» TRY IT
Exact copy, no pictures: return all the records as they stand.

═══ DATA SHOWN ═══

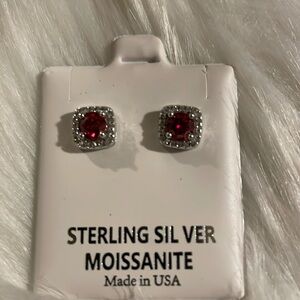NWT Moissanite 1K studs earrings
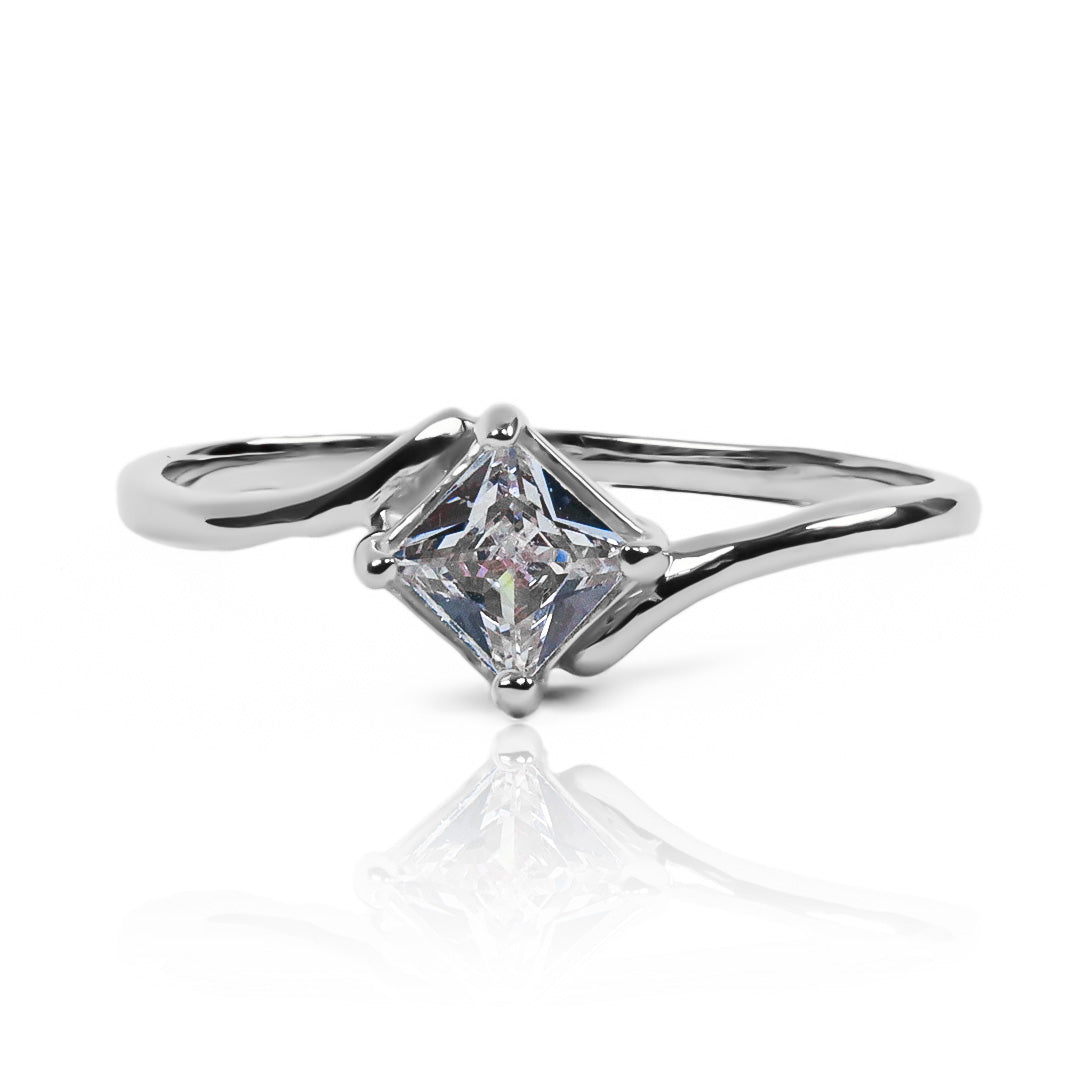 Anillo de compromiso dual love II. Diseñado en Joyería Caracas, este anillo de oro de 18k viene con un certificado de calidad y garantía para toda la vida.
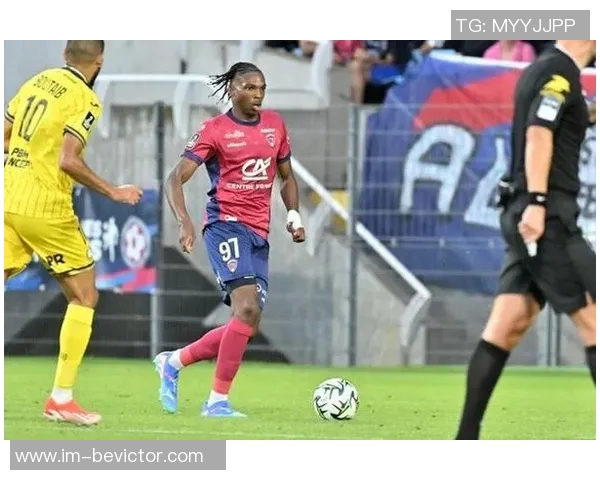 罗马诺透露本坦库尔伤缺三个月热刺冬窗计划引进中场新援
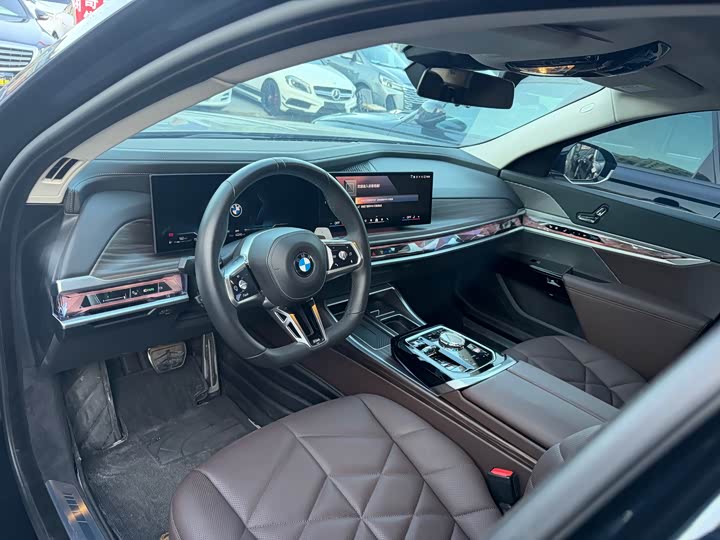 Фото 5 - BMW 7 Series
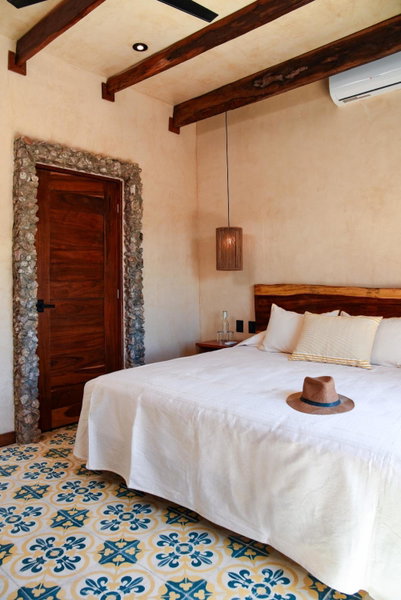 Mero Mero Hotel, El Cuyo, Mexico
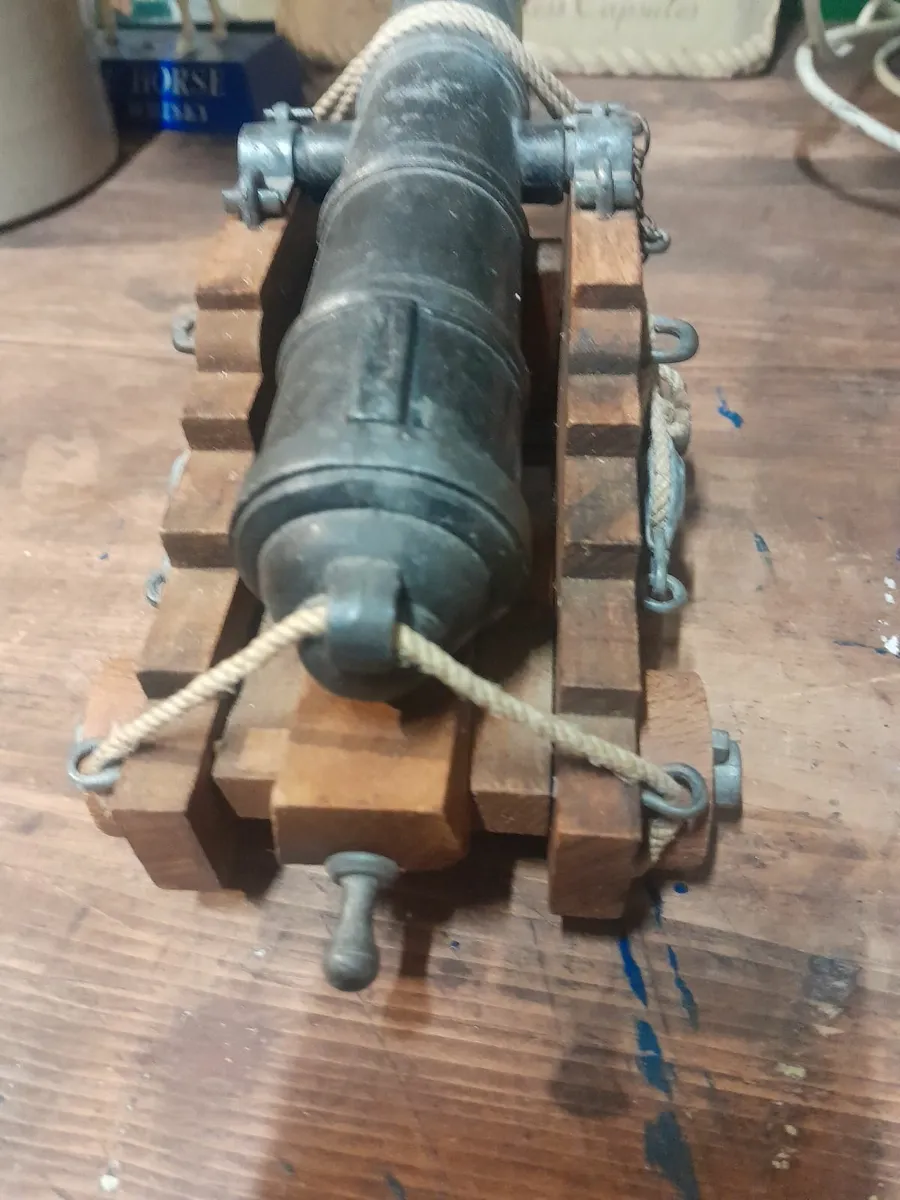 Minature deck cannon model - Image 2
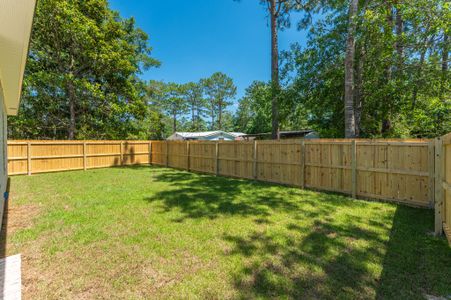 New construction Single-Family house Baker, FL 32531 plan Franklin - image 4
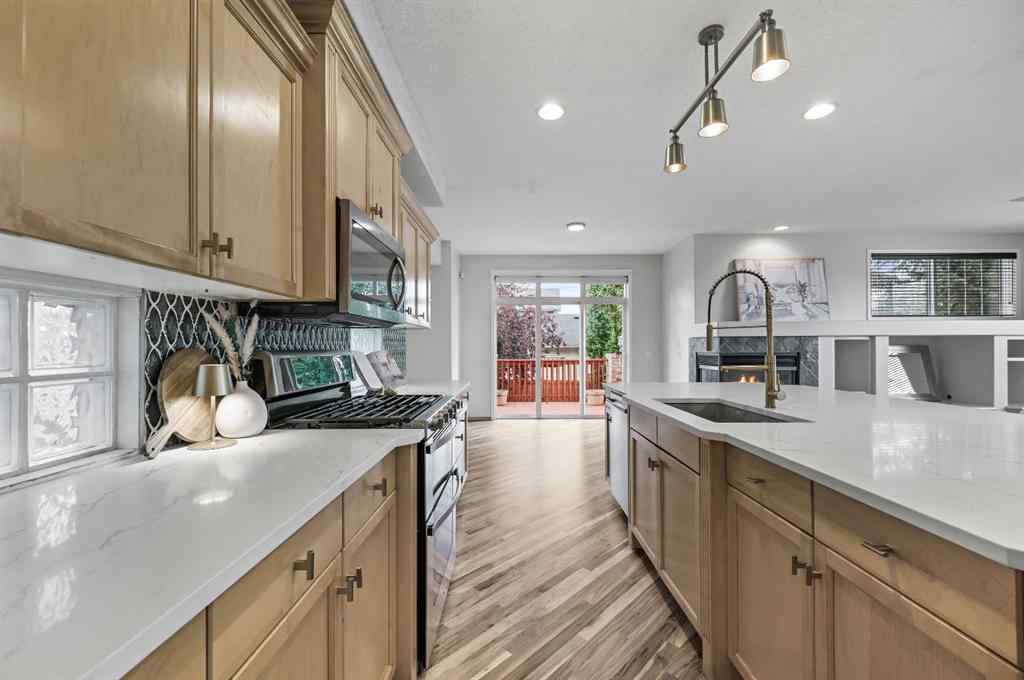 MLS® A2255881 - 7 Crestmont Drive SW in Crestmont Calgary, Residential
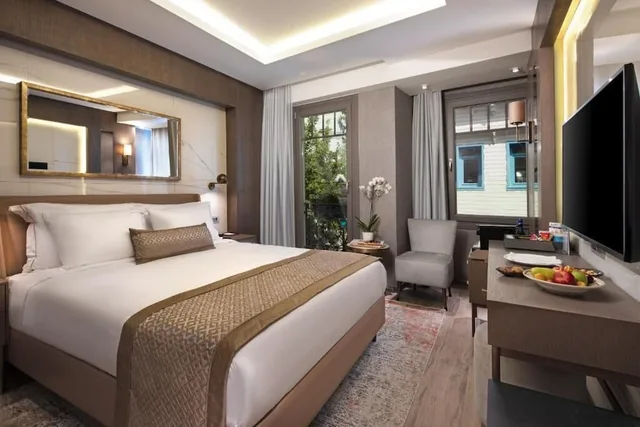 Superior, Double Bed, Street View، Mula Hotel 2/3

═══

» WRITTEN SOLUTION
NWT Moissanite 1K studs earrings
 Anillo de compromiso dual love II. Diseñado en Joyería Caracas, este anillo de oro de 18k viene con un certificado de calidad y garantía para toda la vida.
 罗马诺透露本坦库尔伤缺三个月热刺冬窗计划引进中场新援
 Фото 5 - BMW 7 Series
 Mero Mero Hotel, El Cuyo, Mexico
 Minature deck cannon model - Image 2
 New construction Single-Family house Baker, FL 32531 plan Franklin - image 4
 MLS® A2255881 - 7 Crestmont Drive SW in Crestmont Calgary, Residential
 Superior, Double Bed, Street View، Mula Hotel 2/3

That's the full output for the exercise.